● **WHAT NEEDS TO BE DONE**
In the listing below, locate the line containing "1910 Sweet Couple" and the line containing "Mid Century Modern". Output both of them and every line between, exactly as written, and nothing more.

(EXCERPTED RECORDS Opens)

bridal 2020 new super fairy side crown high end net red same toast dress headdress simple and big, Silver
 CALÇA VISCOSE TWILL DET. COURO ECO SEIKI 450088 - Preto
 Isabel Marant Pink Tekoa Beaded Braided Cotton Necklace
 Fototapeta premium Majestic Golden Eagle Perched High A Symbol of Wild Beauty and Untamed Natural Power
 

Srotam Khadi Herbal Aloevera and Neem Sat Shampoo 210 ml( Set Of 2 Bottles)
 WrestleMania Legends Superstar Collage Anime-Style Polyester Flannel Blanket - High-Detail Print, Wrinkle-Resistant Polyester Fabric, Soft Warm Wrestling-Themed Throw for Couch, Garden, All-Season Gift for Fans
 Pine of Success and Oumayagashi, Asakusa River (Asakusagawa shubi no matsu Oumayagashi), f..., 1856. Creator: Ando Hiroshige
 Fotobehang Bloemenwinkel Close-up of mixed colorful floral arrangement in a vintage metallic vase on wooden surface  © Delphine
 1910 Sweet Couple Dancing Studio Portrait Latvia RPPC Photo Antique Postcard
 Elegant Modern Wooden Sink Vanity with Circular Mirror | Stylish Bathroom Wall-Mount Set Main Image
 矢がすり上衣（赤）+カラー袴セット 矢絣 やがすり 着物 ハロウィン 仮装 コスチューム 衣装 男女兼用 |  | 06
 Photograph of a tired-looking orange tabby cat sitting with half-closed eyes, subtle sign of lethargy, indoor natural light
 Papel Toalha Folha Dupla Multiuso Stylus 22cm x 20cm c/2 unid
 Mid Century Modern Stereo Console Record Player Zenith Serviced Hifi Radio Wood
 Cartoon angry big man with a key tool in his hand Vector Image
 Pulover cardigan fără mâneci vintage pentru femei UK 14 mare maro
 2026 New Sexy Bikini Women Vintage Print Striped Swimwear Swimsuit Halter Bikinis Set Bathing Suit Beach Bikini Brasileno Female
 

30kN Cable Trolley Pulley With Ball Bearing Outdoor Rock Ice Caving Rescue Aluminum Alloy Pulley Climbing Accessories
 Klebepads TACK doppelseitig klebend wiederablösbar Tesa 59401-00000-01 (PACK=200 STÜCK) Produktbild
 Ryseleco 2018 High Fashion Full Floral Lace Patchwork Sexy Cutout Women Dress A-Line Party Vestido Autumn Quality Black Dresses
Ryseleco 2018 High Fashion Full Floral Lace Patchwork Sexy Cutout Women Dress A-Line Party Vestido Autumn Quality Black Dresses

(EXCERPTED RECORDS Closes)

● **YOUR RESPONSE**
 1910 Sweet Couple Dancing Studio Portrait Latvia RPPC Photo Antique Postcard
 Elegant Modern Wooden Sink Vanity with Circular Mirror | Stylish Bathroom Wall-Mount Set Main Image
 矢がすり上衣（赤）+カラー袴セット 矢絣 やがすり 着物 ハロウィン 仮装 コスチューム 衣装 男女兼用 |  | 06
 Photograph of a tired-looking orange tabby cat sitting with half-closed eyes, subtle sign of lethargy, indoor natural light
 Papel Toalha Folha Dupla Multiuso Stylus 22cm x 20cm c/2 unid
 Mid Century Modern Stereo Console Record Player Zenith Serviced Hifi Radio Wood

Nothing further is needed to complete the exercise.